True, this is Paul’s final letter and written soon before his death. I’m certain he had changed as the years had gone by. But he wanted to be sure that Timothy caught the heart of compassion, tenderness and kindness. He wrote of him in Philippians 2 that he didn’t have anyone else like Timothy who would naturally care for your situation.
Think of Jesus saying in the great Sermon on the Mount, “Blessed are the peacemakers for they shall be called the children of God.” Why do you suppose it was the peacemakers that, of all the characteristics he mentioned in this section that he declared they would be called God’s children? Obviously, we look at a young person or a child and say of them, “I know whose child that is. They look and act just like their dad or their mom.” We see marks in them that were always obvious in their parents. When God said, if we are peacemakers in the world, others will call us God’s children it is because we look like the God whom we worship and serve when we are peacemakers in the world. I’ve read through my Bible many times, but I’ve never found a single time when God ever said, “Blessed are the troublemakers.”

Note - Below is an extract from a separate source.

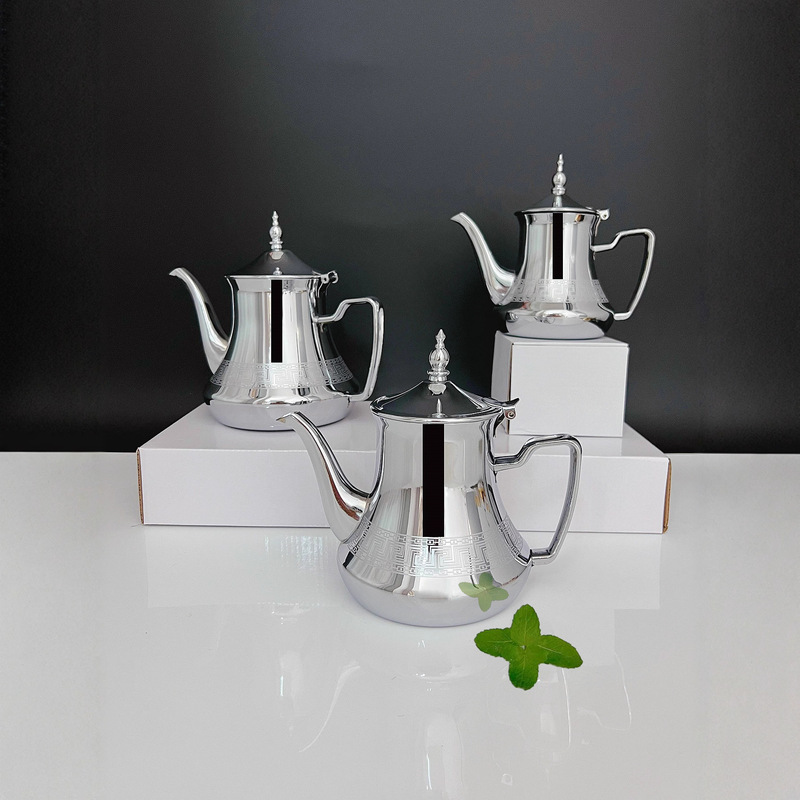 In-Stock Cross-Border Stainless Steel Teapot Moroccan Mint Tea Pot Hotel Restaurant Home Use Kettle Teapot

When we have that tender heart of compassion it means we can feel with others in the hurts and struggles they are going through in life. Instead of looking down on one who has failed, our hearts go out to them and we reach down to lift them up and offer them another chance to be all God calls them to be. No one ever demonstrated a tender heart of compassion like Jesus. If we are to follow him and become more and more like him all the time, one way we must grow is in the tender, compassionate, loving heart that feels with people in whatever they are going through. Remember his great invitation was, “Come to me all you who are weary and burdened down and I wlll give you rest.” When God’s people have that kind of heart that breaks for the hurting and lonely in the world, people will see Jesus in us and be drawn to Him. But it must begin in our hearts with whom we make the heroes of our life.